The 33 funeral homes with minor violations will be required to provide evidence that they are now in compliance.

Comments

Edit Your Comment

  1. Cat says:

    Don’t die.

  2. George4478 says:

    My plans involve taxidermy. Does this rule cover me?

    “OK, you want your standard glass eyes, they’ll run you about $15. The glow-in-the-dark ones will, as you can tell by the price sheet, add another $25. But the extra cost it worth it on Halloween.”

    • Spaghettius! says:

      Instead of my original nails, could you maybe use some bear claws? it’s ok if it’s extra.

  3. Loias supports harsher punishments against corporations says:

    Michael C. Hall will not be pleased.

    http://www.imdb.com/title/tt0248654/

    • Laura Northrup says:

      He’s now come to understand that dismemberment and burial at sea in a black plastic trash bag is really a cost-effective method.

  4. Blueskylaw says:

    “Funeral homes that participate in FROP make a “voluntary”
    payment to the U.S. Treasury in place of a civil penalty”

    So once again, when the consumer gets screwed it’s
    the government that reaps the benefits of compensation.

  5. lovemypets00 - You'll need to forgive me, my social filter has cracked. says:

    This is why I want to be buried in a pine box on my own property. Yes, our township allows this.

    • A.Mercer says:

      Make sure that whoever is handling your funeral knows this and is properly briefed on the laws. A trick that some funeral homes will pull is making up laws on the spot. They will tell the family that there is a law that specifies that the coffin has to be made of a certain material or something. Or they will tell the family that embalming is required. Or they will say that only cemetary plots are involved.

      You might have to involve a funeral home in your plans because in some places hospitals and morgues are not allowed to release a body straight to the public. So do some research on the laws in this area and make sure that you document everything and let your personal vice-president know all of the details. Then they can fight back when someone tries to subvert your plans.

  6. icerabbit says:

    Throw the book at them …
    Inspect and re-inspect.
    More violations = bigger fines or risk closing your business.
    Rinse and repeat.

  7. HenryES says:

    Costco sells caskets at what I assume to be a discount, but they won’t ship to VA. I was going to pick up a three pack just to be prepared.

  8. gman863 says:

    I’m all for cremation, so long as the funeral home doesn’t attempt to add a fuel surcharge if the price of natural gas goes up.

  9. AllanG54 says:

    If I’m not mistaken, Hillary Clinton owns a piece of one of the largest funeral home corporations in the U.S. It may be Dignity Chapels. I wonder if they get a pass because she’s Sec’y of State.

  10. somegraphx says:

    Sadly, I was just in a funeral home yesterday, making arrangements for my father. The director did explain everything but did not show me prices before we went into the room that had the caskets. He did charge me 250$ for a cremation box that is for water burials but the entire cremation, box, and 18 death certificates totaled $2200, which, I consider to be pretty reasonable.

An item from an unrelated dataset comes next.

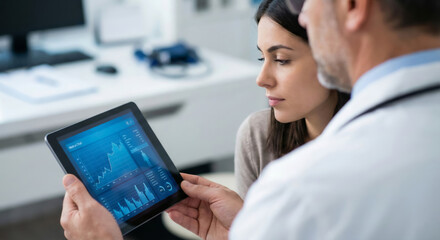 Doctor shows health data on tablet to woman in medical office setting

    My grandmother prepaid for her cremation–picking out everything and even receiving an 800# that the hospital is to call and the funeral home will pick up her body anywhere in the US.

    I think that my husband and I will do that now that we’ve gone through this. The emotions around this are HUGE and I can see someone feeling their loved one “deserves” a more expensive box in order to prove their love to the deceased. I don’t want my kids arguing over what box to put my ashes in, or fighting over how to pay for the services.

    • DeeKey says:

      You were overcharged, as usual, and I bet they told you they have to put the notice in the local paper and charged for that too. Cremation should not cost more than 1,000$. I was scammed this way too.